Review: Footsteps to Forever


Kevin Riordan


Footsteps to Forever By R. Samual Baty

Review by Kevin Riordan


Nearly every character in this WWII novel is unfailingly and scrupulously polite, even most of the Nazis, so I shall try to behave accordingly.

Overall, Baty gives the impression that English is his second language, the first one being perhaps physics, with a somewhat stiffly structured narrative that might give new meaning to the term formulaic. Writing this novel, venturing into literature, must have been a very different challenge than he was used to in his long and varied career: academic, aeronautic and military. There are very few cultural references, in fact the only book that is mentioned seems to be a conflation of War and Punishment, or is it Crime and Peace? The setting is realistic throughout, but some situations are so idealized that one almost expects the 'pocketa pocketa' of a Walter Mitty fantasy to intrude at any moment.

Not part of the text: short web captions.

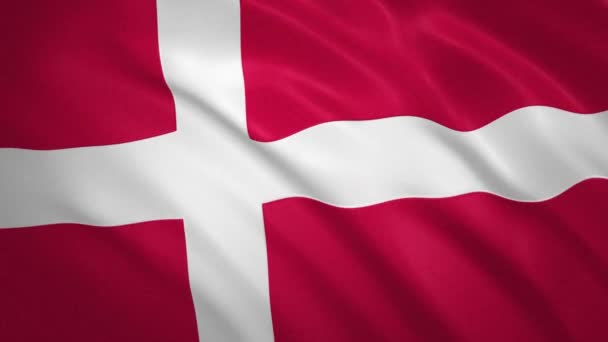 Denmark . Mengayunkan Latar Belakang Video Bendera — Stok Video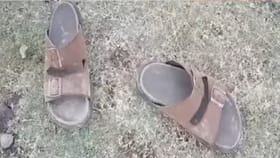गावातील साठवण तलावात पोहण्यास गेलेले एमबीएचे तीन विद्यार्थी बुडाले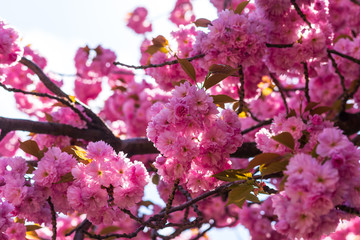 Flowering time. Sakura flowers close-up.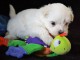 Adorable chiot bichon maltais femelle/mâle à donner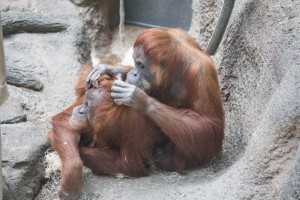 Orang grooming II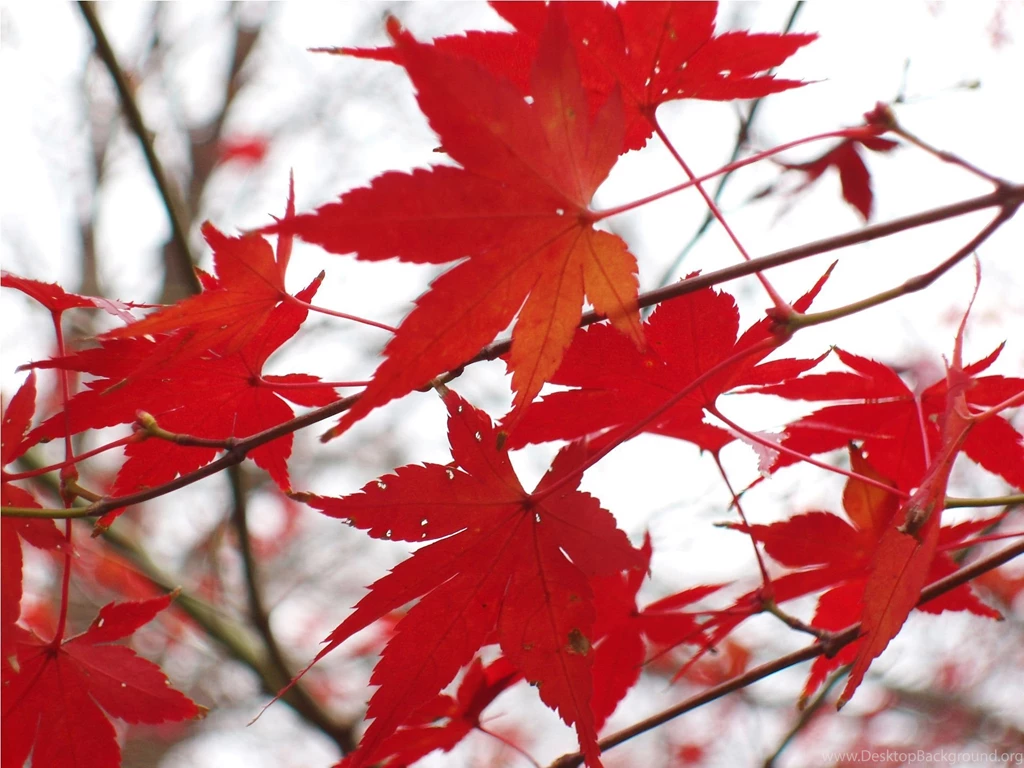 Top Autumn Canadian Maple Leaf Images For Pinterest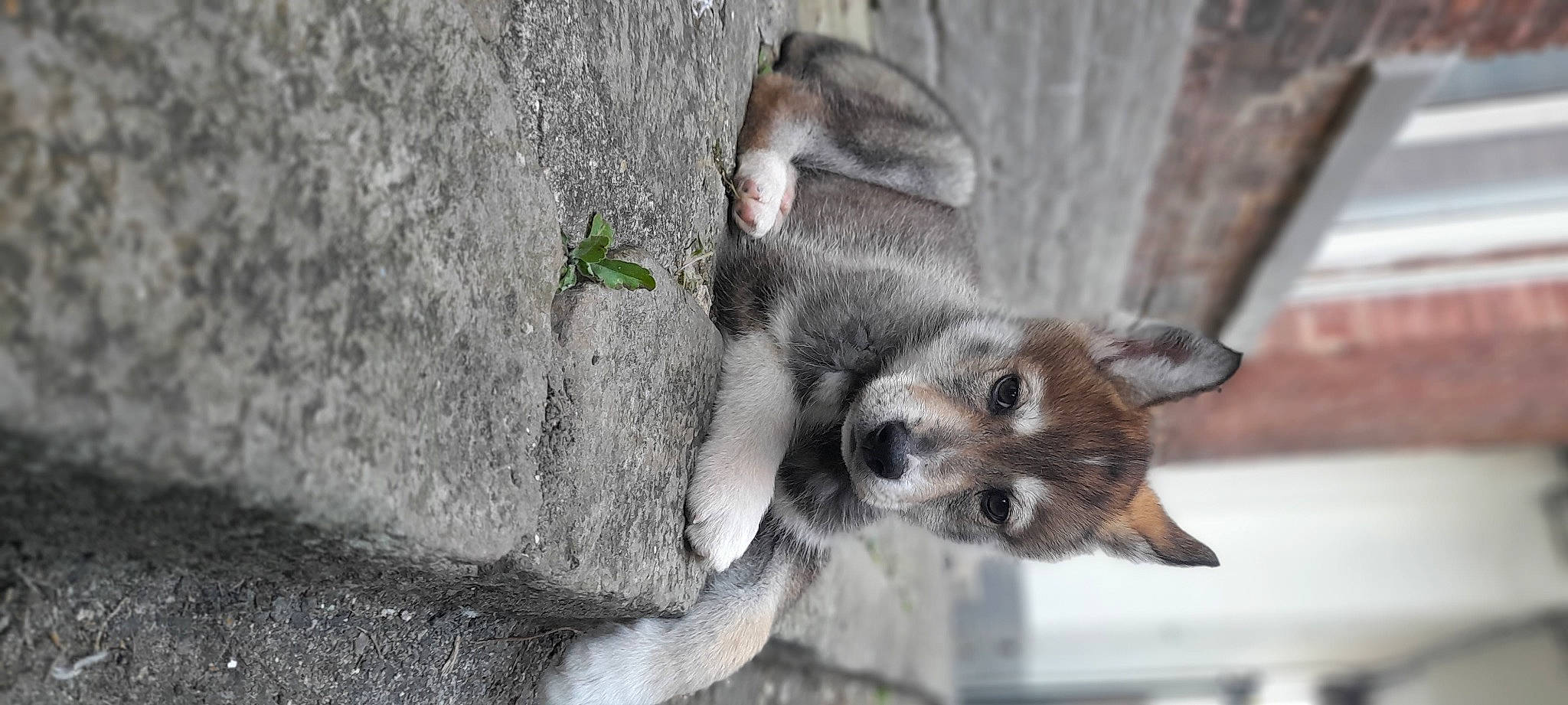 Alpha a rejoint le concours — aidez-le/la à gagner de superbes lots ! canidae, carnivore, claw, companion_dog, concrete, dog, dog_breed, eyelash, fawn, fur, grey, paw, procyonidae, snout, sporting_group, tail, terrestrial_animal, whiskers, wildlife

He shares Dan Brown's habit of expressing nearly any internal thought in italics, and mundane actions tend to be rendered like a transcript, but it is a clear style that pays off in the action sequences.

Without summarizing the plot tiresomely, I will say that the reader follows a plucky couple of recruits into Norway to rescue an elderly physicist just as war is breaking out in Europe, and continues to learn what becomes of them and their comrades as they do their duty and move swiftly through the ranks and into the sphere of world leaders, glimpsing at least eight countries and some of the major turning points of the war. We get to meet Churchill, Roosevelt and even Charles Lindbergh, while sticking close to a courageous nurse and an ambitious pilot.

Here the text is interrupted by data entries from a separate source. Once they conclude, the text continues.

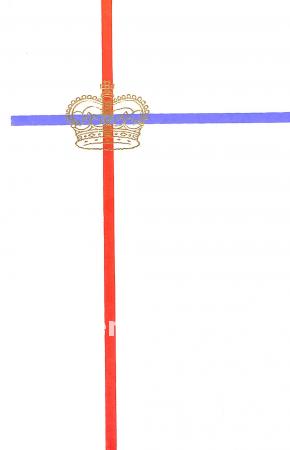 Vorstenhuizen in onze tijd Vorstenhuizen in onze tijd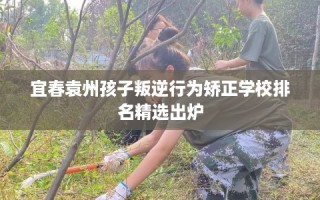 宜春袁州孩子叛逆行为矫正学校排名精选出炉
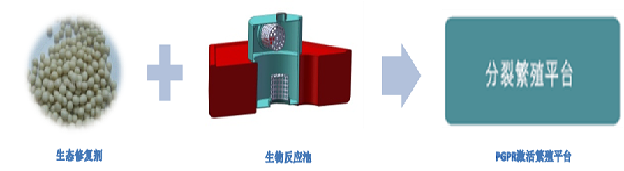 蘇州碩亞環(huán)?？萍加邢薰綢SSA PGPR（In Situ Selective Activation of PGPR)原位水生態(tài)修復(fù)技術(shù)（二）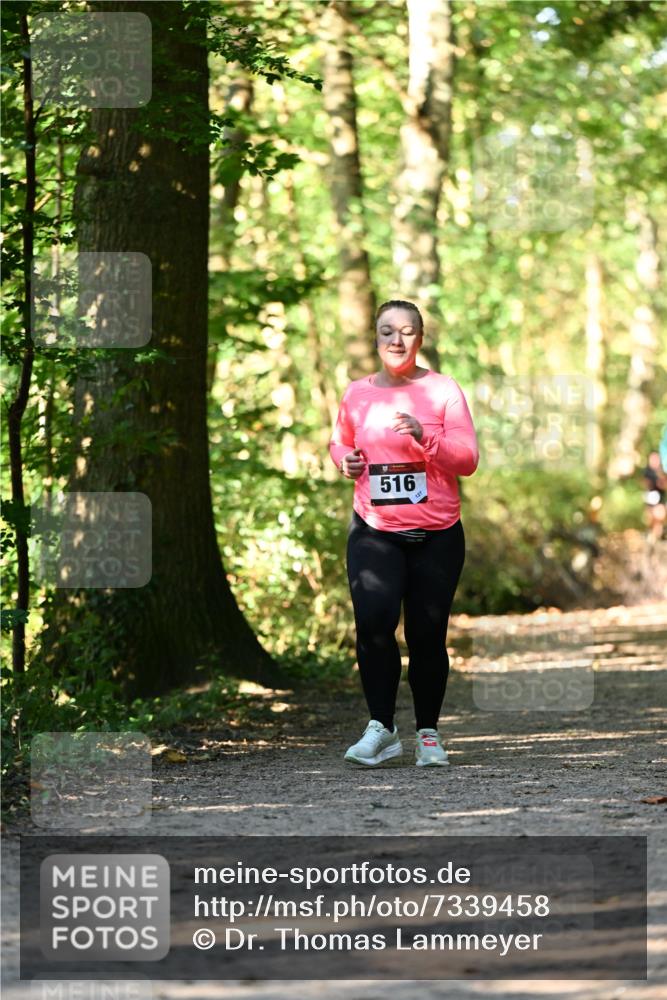 06.10.2024 - Bramfelder Halbmarathon 2024 Dr. Thomas Lammeyer http://msf.ph/oto/7339458 06.10.2024 10:33:07 Laufen 516 meine-sportfotos.de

  For all of the author's actual experience in WWII, the dialog has little of the slang, datedness or flavor of other writing from and of the period. Nor do we meet Shakespeare's 'soldier, full of strange oaths';  it seems closer to what you would read on inter-titles, those frames that put words to a silent movie. The characters are heartfelt, hardly cardboard, but do at times suggest pins on a big wartime map.

  As the equation reaches the right side of the blackboard, things, of course, start getting a lot more complicated, as do the characters. Like solving a difficult problem, it becomes much more satisfying. With an economy of personalities, Baty manages to give us the feeling that we are looking at the whole picture of WWII, and he does so with a dignified authority.

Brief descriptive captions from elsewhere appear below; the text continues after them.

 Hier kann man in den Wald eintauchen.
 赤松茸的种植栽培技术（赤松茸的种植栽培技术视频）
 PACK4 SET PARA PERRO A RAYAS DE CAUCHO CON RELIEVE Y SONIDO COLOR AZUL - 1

Speaking as someone who grew up well after the war, my impressions of the 40's are inextricably tangled with the fiction and films of that decade, and is good to be reminded that Film Noir didn't really grab hold until the post-war malaise settled in. Not that foreboding, irony and the fickle finger of fate did not exist before 1945, but the chirpy, can-do optimism of this book might let you believe that.